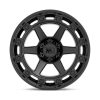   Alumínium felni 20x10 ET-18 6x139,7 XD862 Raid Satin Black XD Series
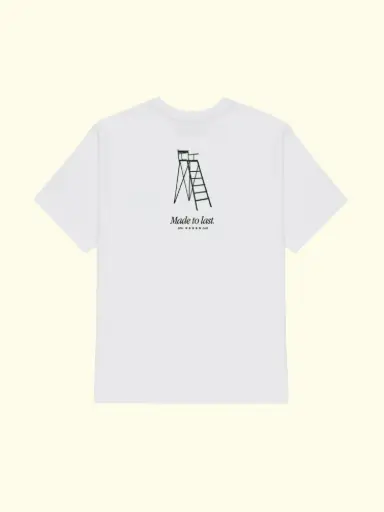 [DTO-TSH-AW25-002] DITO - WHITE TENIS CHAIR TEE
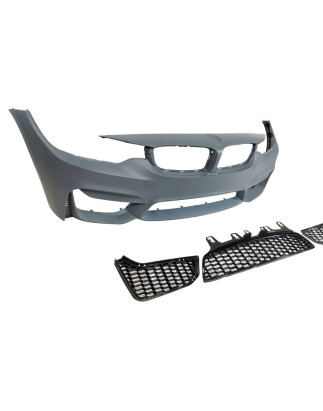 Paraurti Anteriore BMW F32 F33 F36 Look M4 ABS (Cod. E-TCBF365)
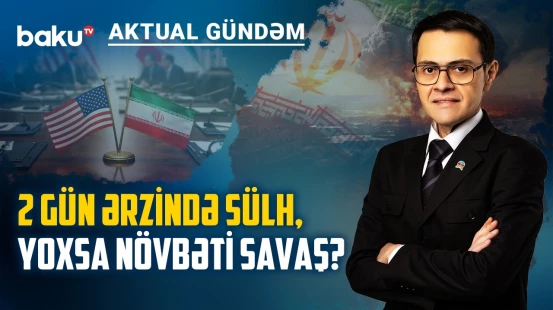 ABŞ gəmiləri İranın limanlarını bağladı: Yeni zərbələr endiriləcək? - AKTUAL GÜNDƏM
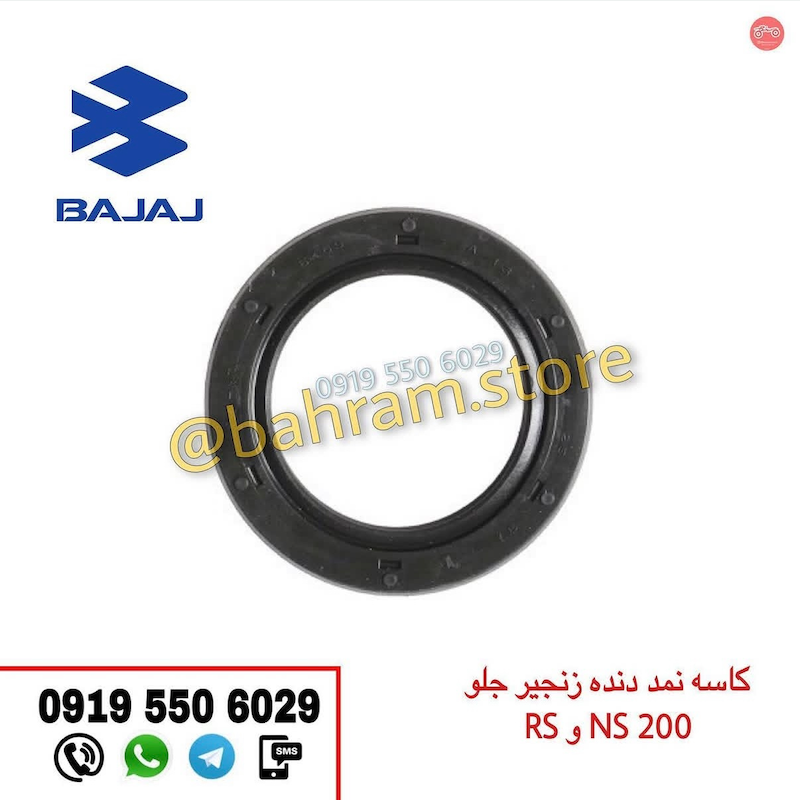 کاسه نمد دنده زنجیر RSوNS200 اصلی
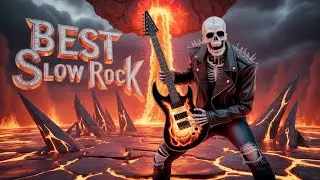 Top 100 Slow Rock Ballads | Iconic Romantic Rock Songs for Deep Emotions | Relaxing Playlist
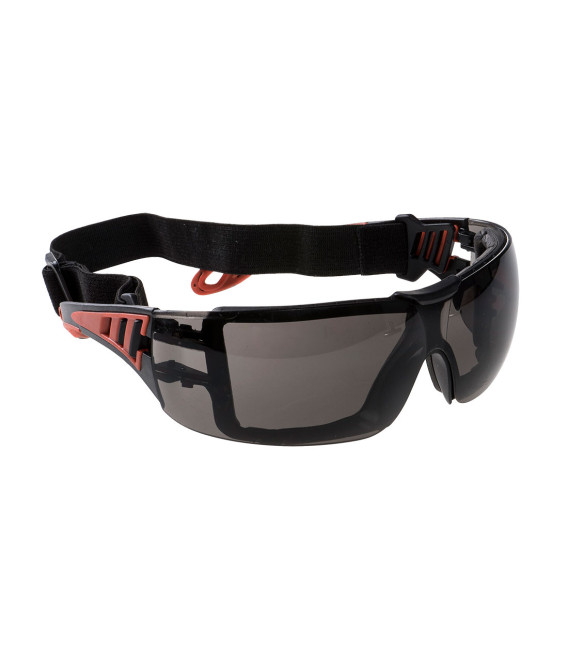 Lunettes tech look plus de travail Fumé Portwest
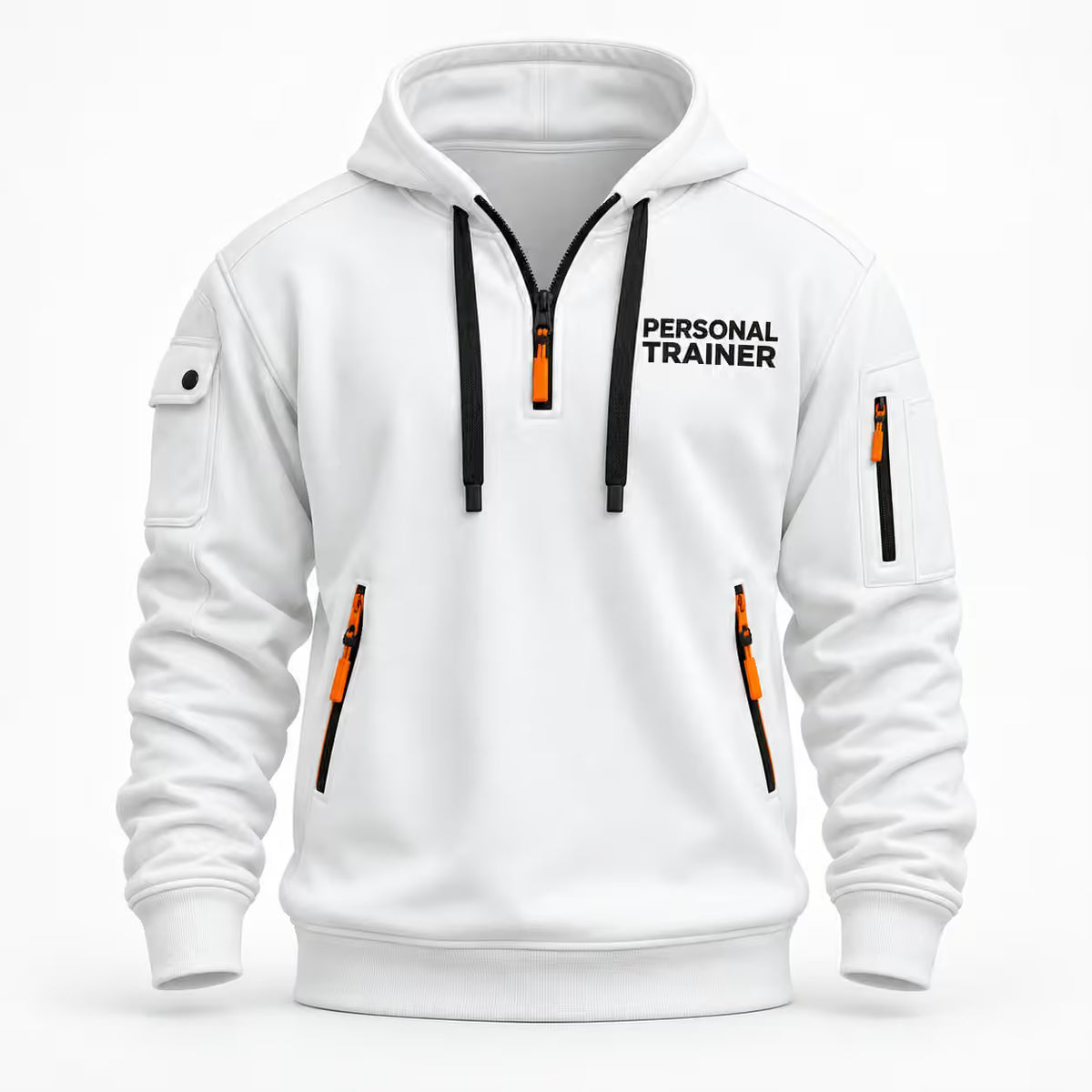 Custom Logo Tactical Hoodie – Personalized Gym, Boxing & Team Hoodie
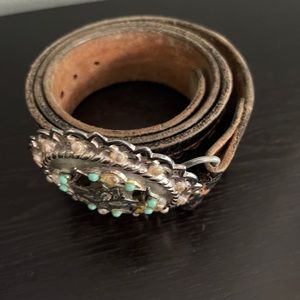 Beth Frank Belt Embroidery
•••
Could you repeat, exactly and with nothing else, the lines from the one containing "Lunettes tech look" through the last line of the records above, leaving out the pictures?

» **Answer for the task**:
 Lunettes tech look plus de travail Fumé Portwest
 Custom Logo Tactical Hoodie – Personalized Gym, Boxing & Team Hoodie
 Beth Frank Belt Embroidery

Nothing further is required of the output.